One even wonders why there is no roadmap for investment projects already underway to be showcased to local and foreign investors, which could act as a launch pad for comprehensive processes to attract investment to the Kingdom, based on sound economic principles.

But it seems that such an investment roadmap does not adequately exist, evident in the fact that the Saudi Investment Fund, which received eternal and unprecedented exemptions and privileges, has not made any investment moves to this day, despite being established some four years ago and despite the availability of the finances. If these were real, well-prepared projects, the fund and other investment entities would not have been so late to invest in them.

What is happening in this arena is strange; projects suddenly fall off the map, and certain projects are no longer talked about, although former governments, such as those of Rifai and Mulki, prepared project portfolios worth billions of dollars. But two years ago, conversations about these investment packages disappeared without prior warning, and without even rectification, assuming something was wrong with them. But they must be there, and the ministerial team is required to prepare them and update them, not to hide them, unless these were fake projects, used by former governments as mere media stunts.

If that is the case, then the government must explain the matter as being so, otherwise, it would be responsible for falling short of setting up a roadmap for investment projects.

What is strange about the case is that the country is in dire need of certain projects, without which there would be no economic stability, as the government is fully aware. These projects include water desalination and energy projects, like the refinery’s fourth expansion, in addition to food security projects. These are strategic projects that are vital for the development of economic activity in a large number of sectors. In fact, some of these constitute an indispensable economic pillar, such as water and related projects.

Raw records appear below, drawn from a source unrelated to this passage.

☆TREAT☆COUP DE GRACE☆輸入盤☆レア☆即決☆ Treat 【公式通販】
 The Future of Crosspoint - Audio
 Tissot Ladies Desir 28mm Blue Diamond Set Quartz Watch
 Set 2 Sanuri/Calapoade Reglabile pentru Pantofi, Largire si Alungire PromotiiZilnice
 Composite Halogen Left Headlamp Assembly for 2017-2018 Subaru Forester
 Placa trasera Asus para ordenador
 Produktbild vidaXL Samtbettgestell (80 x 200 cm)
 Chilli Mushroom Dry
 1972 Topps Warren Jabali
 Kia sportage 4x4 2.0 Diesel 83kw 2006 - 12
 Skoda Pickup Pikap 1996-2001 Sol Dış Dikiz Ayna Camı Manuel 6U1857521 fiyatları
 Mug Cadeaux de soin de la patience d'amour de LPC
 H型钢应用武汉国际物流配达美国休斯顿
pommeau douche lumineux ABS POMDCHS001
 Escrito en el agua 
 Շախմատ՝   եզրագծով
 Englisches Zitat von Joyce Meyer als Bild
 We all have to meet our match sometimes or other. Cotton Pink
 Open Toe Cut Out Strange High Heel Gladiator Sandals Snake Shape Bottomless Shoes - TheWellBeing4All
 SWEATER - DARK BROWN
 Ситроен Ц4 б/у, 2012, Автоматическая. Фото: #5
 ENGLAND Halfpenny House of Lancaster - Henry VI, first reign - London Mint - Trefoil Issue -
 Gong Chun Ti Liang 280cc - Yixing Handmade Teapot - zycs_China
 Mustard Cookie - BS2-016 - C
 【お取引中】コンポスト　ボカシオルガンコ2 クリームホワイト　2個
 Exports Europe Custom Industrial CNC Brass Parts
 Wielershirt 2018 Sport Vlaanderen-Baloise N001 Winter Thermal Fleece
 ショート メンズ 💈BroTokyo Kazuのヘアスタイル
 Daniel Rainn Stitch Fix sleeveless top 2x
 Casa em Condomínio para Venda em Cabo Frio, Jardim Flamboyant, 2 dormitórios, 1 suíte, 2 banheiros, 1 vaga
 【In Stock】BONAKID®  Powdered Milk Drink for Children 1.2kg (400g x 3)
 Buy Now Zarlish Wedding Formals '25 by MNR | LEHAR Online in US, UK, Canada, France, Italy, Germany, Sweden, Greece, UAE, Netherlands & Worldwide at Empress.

The matter is not limited to the government’s shortcomings in setting up investment projects, but it extends to the foundations of the investment process’ administrative reform, which is in dire need for a real revolution that enhances the investment climate, develops a sense of partnership with local and foreign investors, and launches an institutional administrative structure for investment. This can be achieved through strong legislation, and granting full investment powers without any interventions.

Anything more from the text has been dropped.